Automates the provisioning and installation of Elastic Cloud Enterprise (ECE) on Google Cloud Platform using Terraform and Ansible. Deploy a single-node or 3-node (small) ECE cluster in minutes — either through an interactive CLI or a browser-based Web UI.

Features

  • Two deployment methods — CLI (deploy.sh) for power users and terminal workflows, Web UI (web.sh) for a visual, browser-based experience
  • ECE 3.3.0 through 4.1.0+ — full version coverage with easy extension via the vars file
  • Multiple OS/runtime combinations — Rocky 8/9 (Podman), Ubuntu 22.04/24.04 (Docker), x86_64 and arm64
  • SELinux support — optional enforcing mode for Rocky-based deployments (ECE ≥ 3.7.1)
  • Auto-termination — GCP instances automatically deleted after a configurable number of days
  • Post-install optimization — automatic API calls to resize system deployments to 2 zones
  • Cross-platform — runs on Linux, macOS, and WSL
  • Data-driven configuration — all version lists and OS mappings live in vars for easy maintenance

Requirements

Install and configure the following before running:

Tool Install Notes
Google Cloud SDK Install Guide Must be authenticated with gcloud auth application-default login
Terraform brew install terraform Infrastructure provisioning
jq brew install jq JSON processing
Python 3 + pip System package manager Ansible dependency
SSH key ~/.ssh/google_compute_engine Must grant access to GCP instances.

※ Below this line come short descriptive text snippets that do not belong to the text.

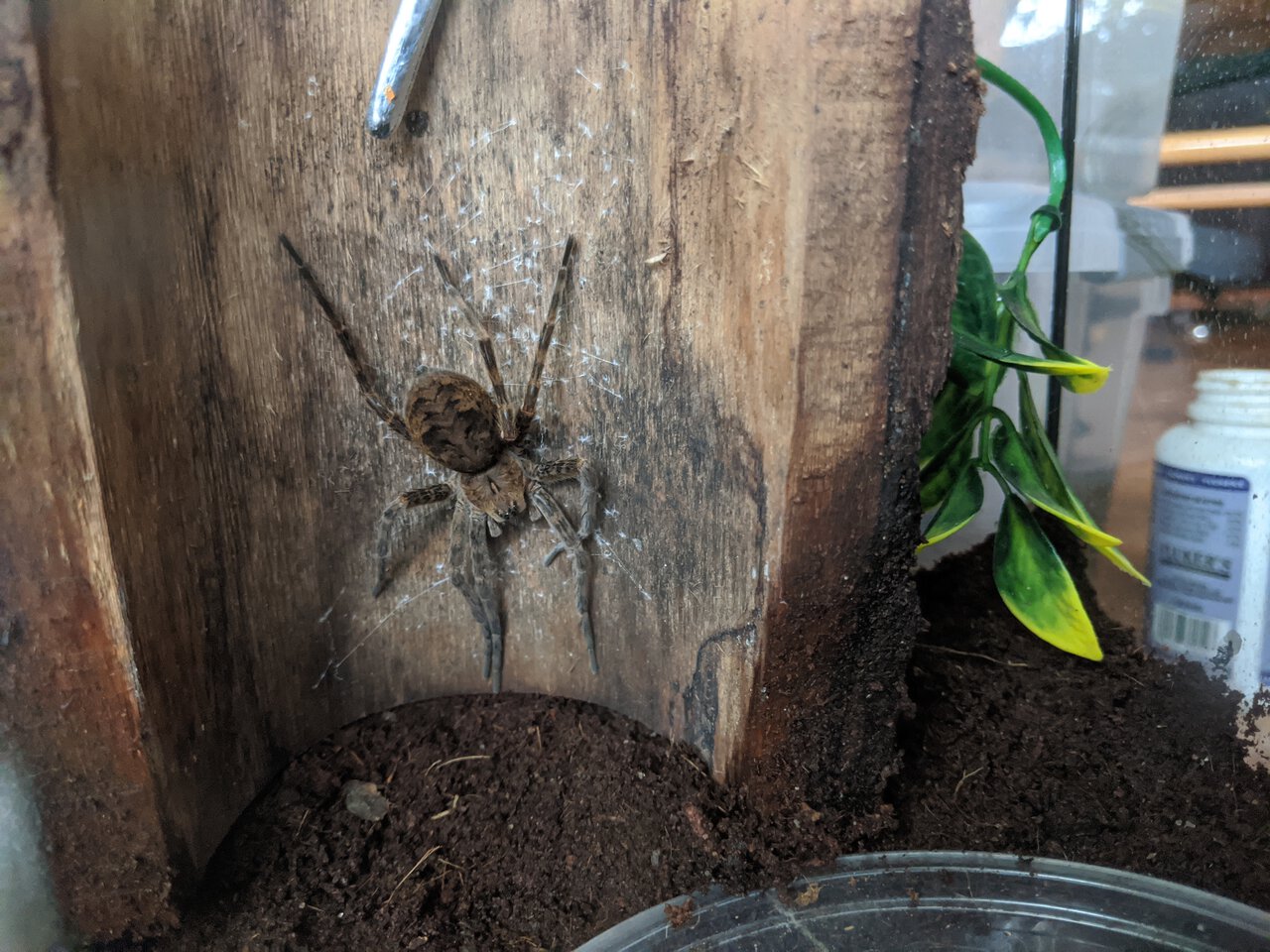 Dolomedes tenebrosus- gravid or not?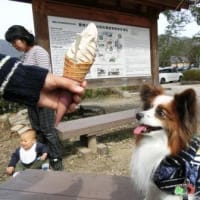 月命日に出石へ(^^♪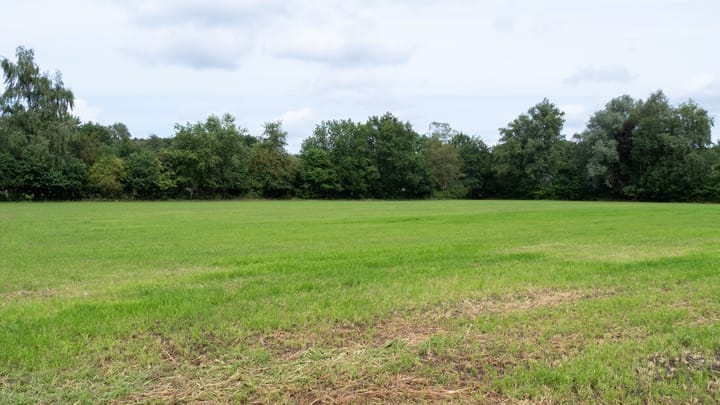 Foto 9 van Bijsterbosweg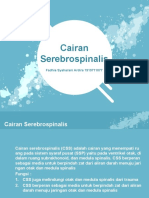 Cairan Serebrospinalis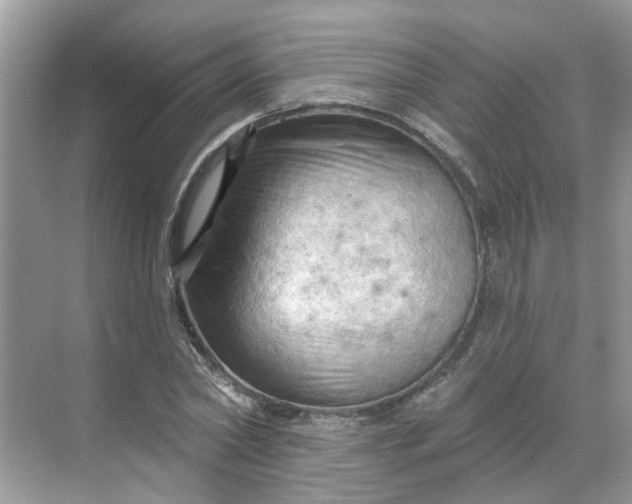 X0000068740782200605121543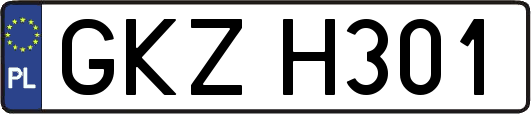 GKZH301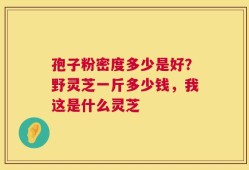 孢子粉密度多少是好？野灵芝一斤多少钱，我这是什么灵芝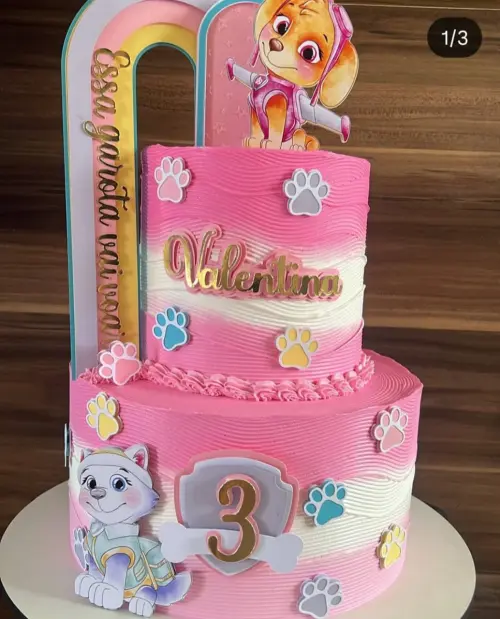 Topo de Bolo Patrulha Canina Valentina - Studio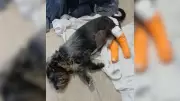 Cachorro atropelado por carro em alta velocidade e contramão em Votorantim
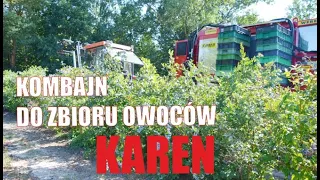 Blueberry & raspberry harvester season 2021 with KAREN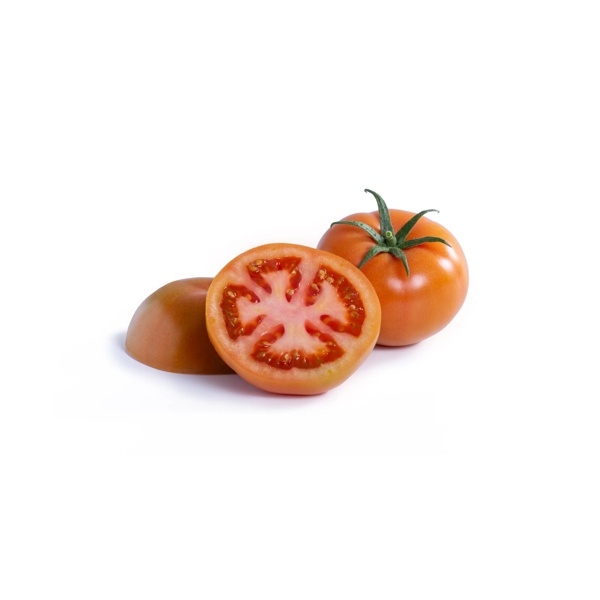 ERRASTY RZ product photo view-2 L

Edit ansible.cfg if using a different path
Node.js 18+ brew install node Web UI only — not needed for CLI usage

Quick Start

# 1. Clone the repository
git clone git@github.com:jlim0930/ecelab.git
cd ecelab

# 2. Configure your environment
#    Edit 'vars' to set PROJECT_ID, REGION, and MAX_RUN_DAYS

# 3. Authenticate with GCP
gcloud auth application-default login

# 4. Deploy — pick one:
./deploy.sh          # CLI: interactive terminal prompts
./web.sh             # Web UI: opens browser at http://localhost:3000

Method 1: CLI (deploy.sh)

The CLI method runs entirely in your terminal with interactive selection menus.

Deploy (Interactive)

./deploy.sh

You'll be guided through three selections:

  1. Deployment sizesingle (1 node) or small (3 nodes)
  2. ECE version — e.g., 3.8.4, 4.0.3, 4.1.0
  3. OS/runtime — filtered based on your ECE version selection

Example session:

[INFO]  Select the deployment size:
1) single
2) small
#? 2
[INFO]  Select the ECE Version:
 1) 3.3.0    5) 3.5.1    9) 3.7.3   13) 3.8.4   17) 4.0.3
 2) 3.4.0    6) 3.6.0   10) 3.8.0   14) 4.0.0   18) 4.1.0
 3) 3.4.1    7) 3.6.1   11) 3.8.1   15) 4.0.1
 4) 3.5.0    8) 3.6.2   12) 3.8.2   16) 4.0.2
#? 14
[INFO]  Select the OS for the GCP instances:
 1) Rocky 8 - Podman - x86_64
 2) Rocky 8 - Podman - x86_64 - selinux
 3) Rocky 8 - Podman - arm64
 ...
#? 1
[INFO]  Using Project: elastic-support, Region: us-central1, MachineType: n1-highmem-8
[INFO]  ECE version: 4.0.0 OS: Rocky 8 - Podman - x86_64 Install Type: small

Deploy (Non-Interactive / Preselected)

Edit the vars file and uncomment the PRESELECTED_* variables:

PRESELECTED_installtype="single"
PRESELECTED_version="4.0.0"
PRESELECTED_os="Rocky 8 - Podman - x86_64"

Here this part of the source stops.